** Records shown **
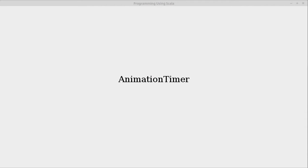In this video, we're going to continue our code that uses the animation timer. So the animation timer allows us to execute code at semi-regular intervals.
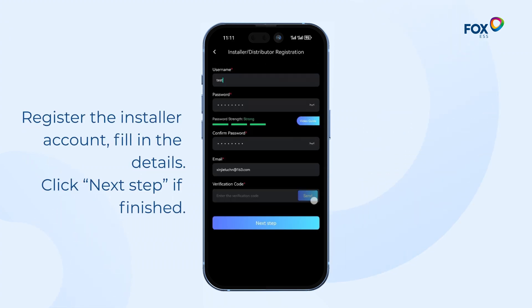Register the installer account: fill in the user name, set the password, email and obtain the email verification code. Click Next Step when finished.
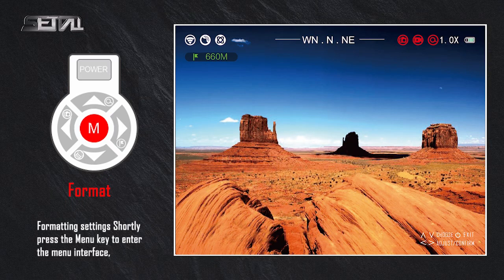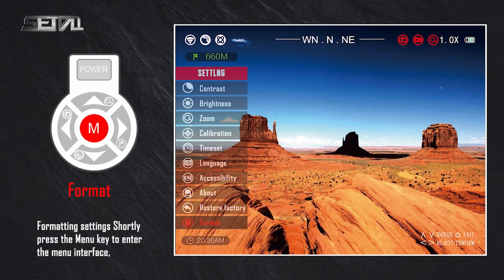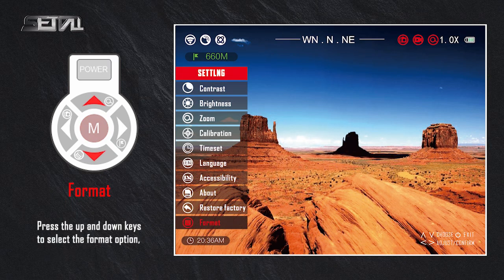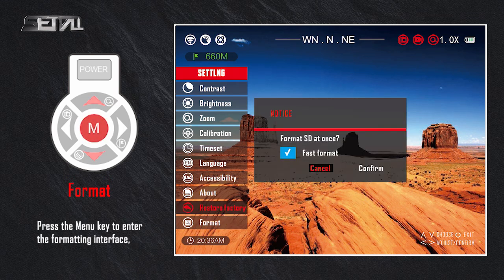Formatting settings: shortly press the menu key to enter the menu interface, press the up and down keys to select the format option, then press the menu key to enter the formatting interface.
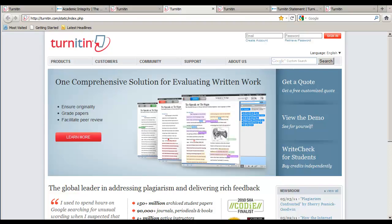How long does it take for Turnitin to check an uploaded paper? Turnitin will check a paper against the database and generate an originality report in an hour or less. The 24-hour turnaround option allows students to resubmit a paper as many times as they wish within a 24-hour window, giving students the ability to correct any errors or omissions that they may have made.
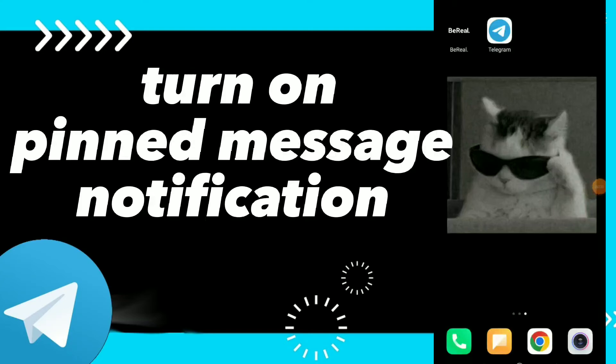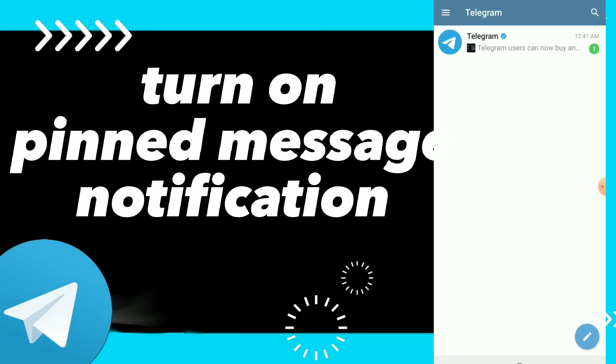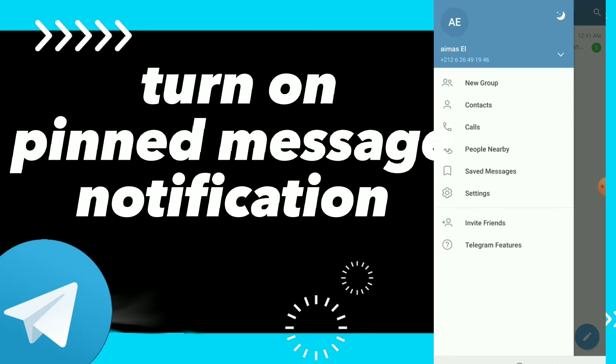Hi guys, in this video I will show you how to turn on pinned messages notifications on Telegram. First, go to your Telegram and click on those three lines.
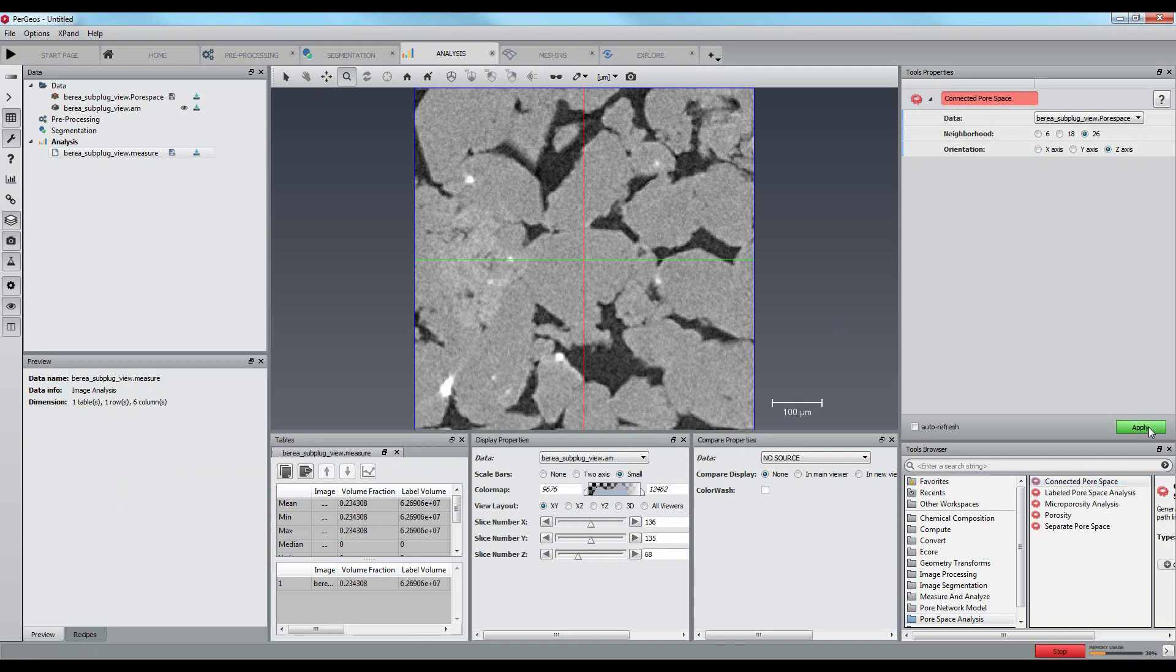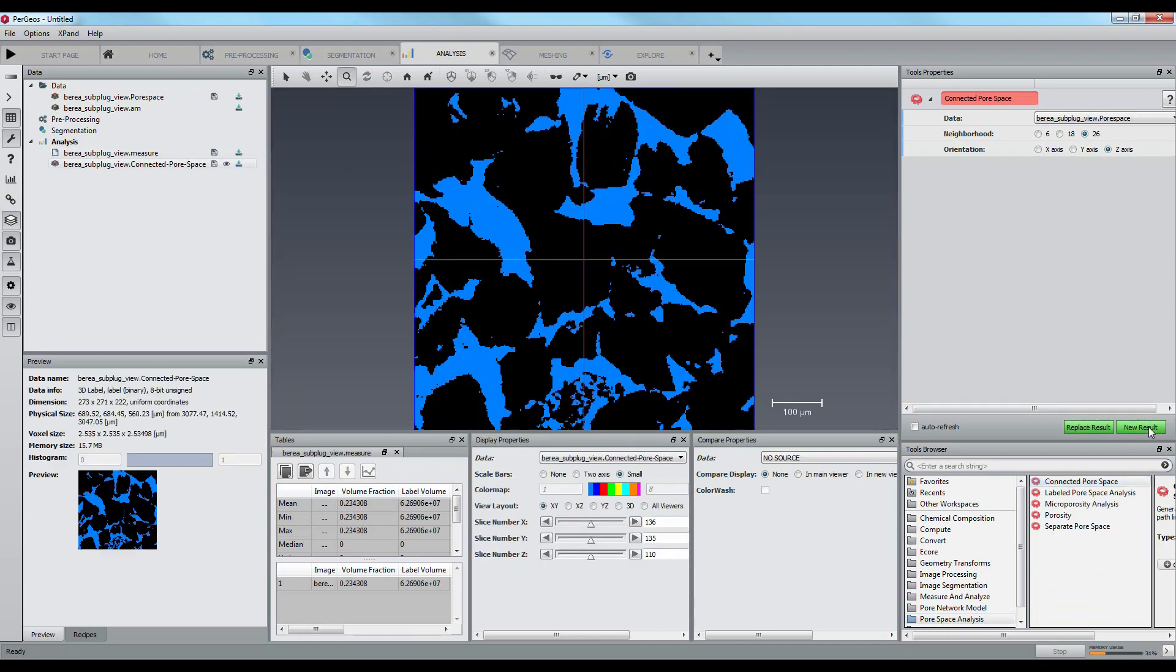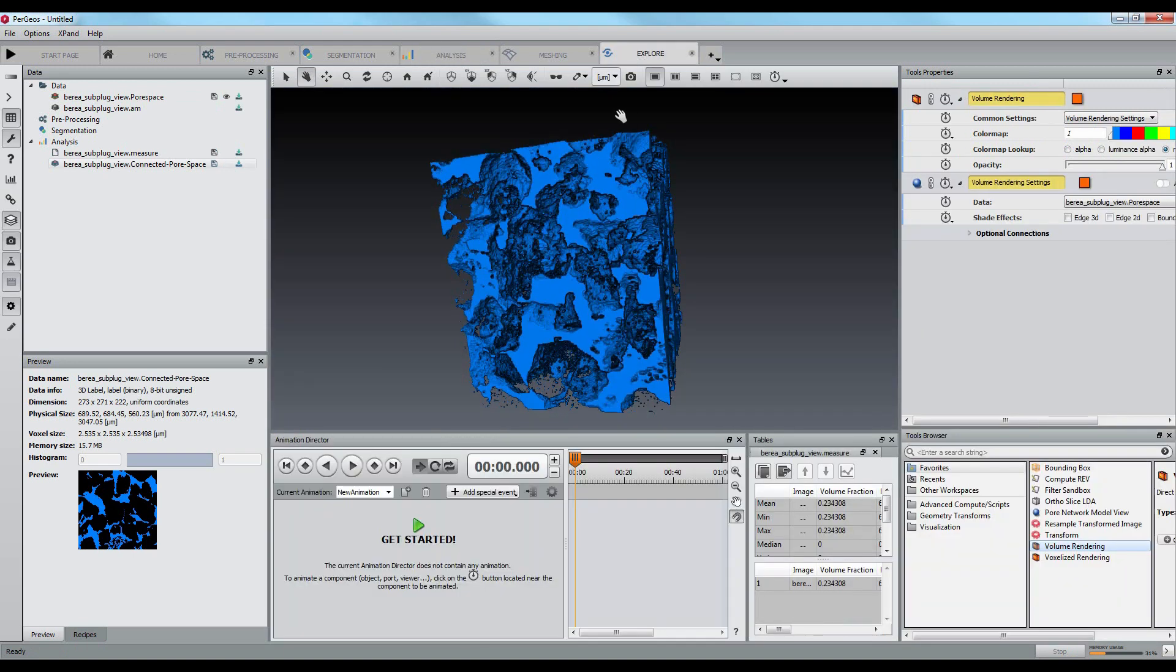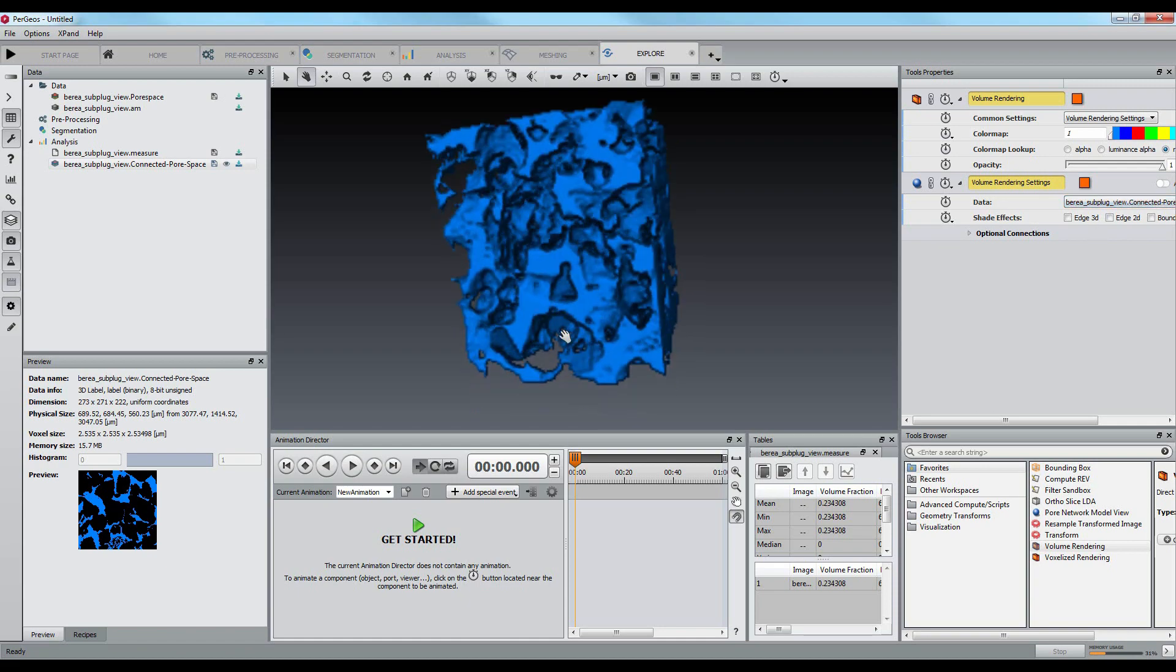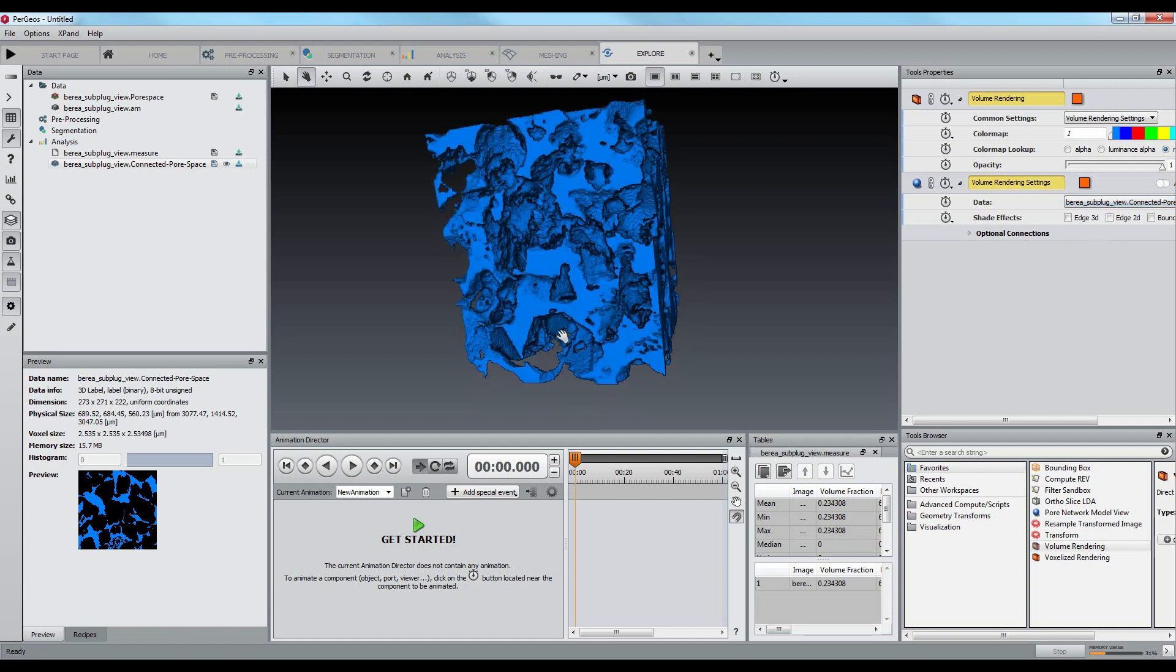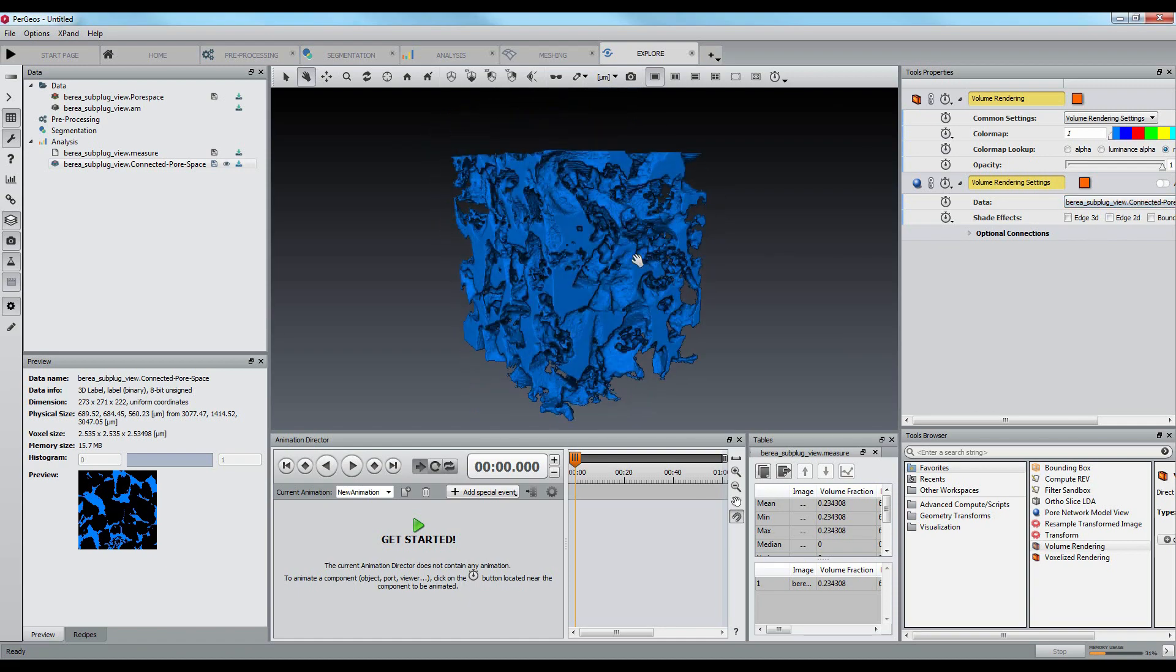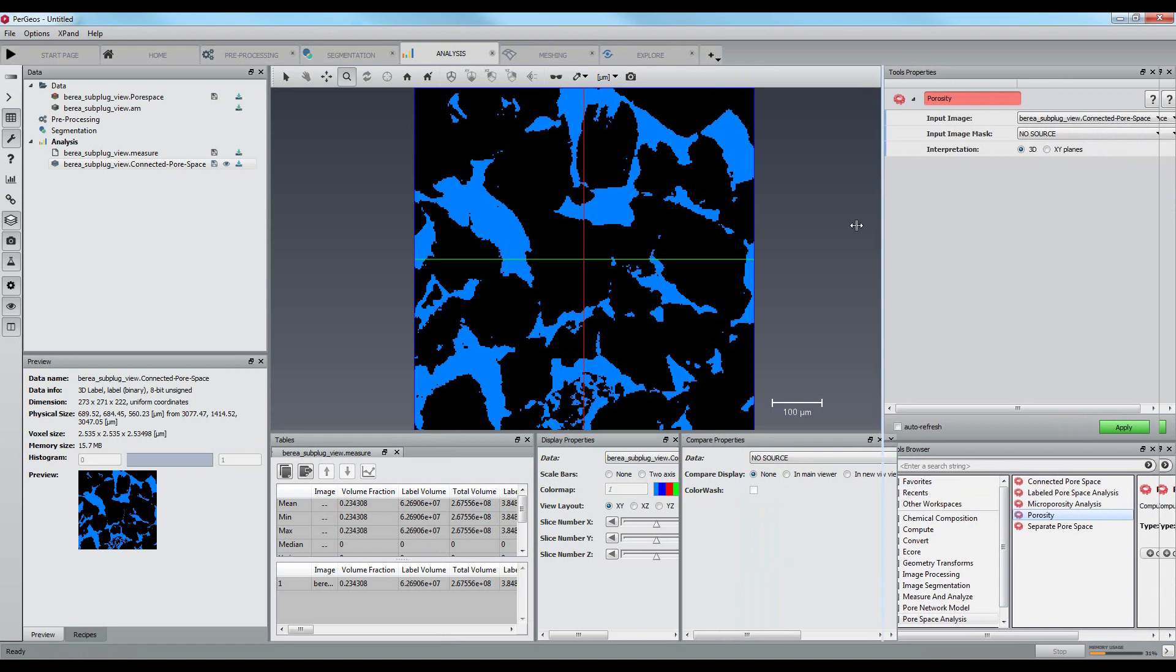After having computed the connected pore space, we can check with the 3D volume in the explore workspace that no isolated porosity is visible. We obtain a value for the connected porosity of 23.19%.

** The task **
An exact transcription is needed of the lines from the one with "Formatting settings: shortly" to the one with "How long does" above, both ends included, with pictures left out.

** Reply to the task **
Formatting settings: shortly press the menu key to enter the menu interface, press the up and down keys to select the format option, then press the menu key to enter the formatting interface.
How long does it take for Turnitin to check an uploaded paper? Turnitin will check a paper against the database and generate an originality report in an hour or less. The 24-hour turnaround option allows students to resubmit a paper as many times as they wish within a 24-hour window, giving students the ability to correct any errors or omissions that they may have made.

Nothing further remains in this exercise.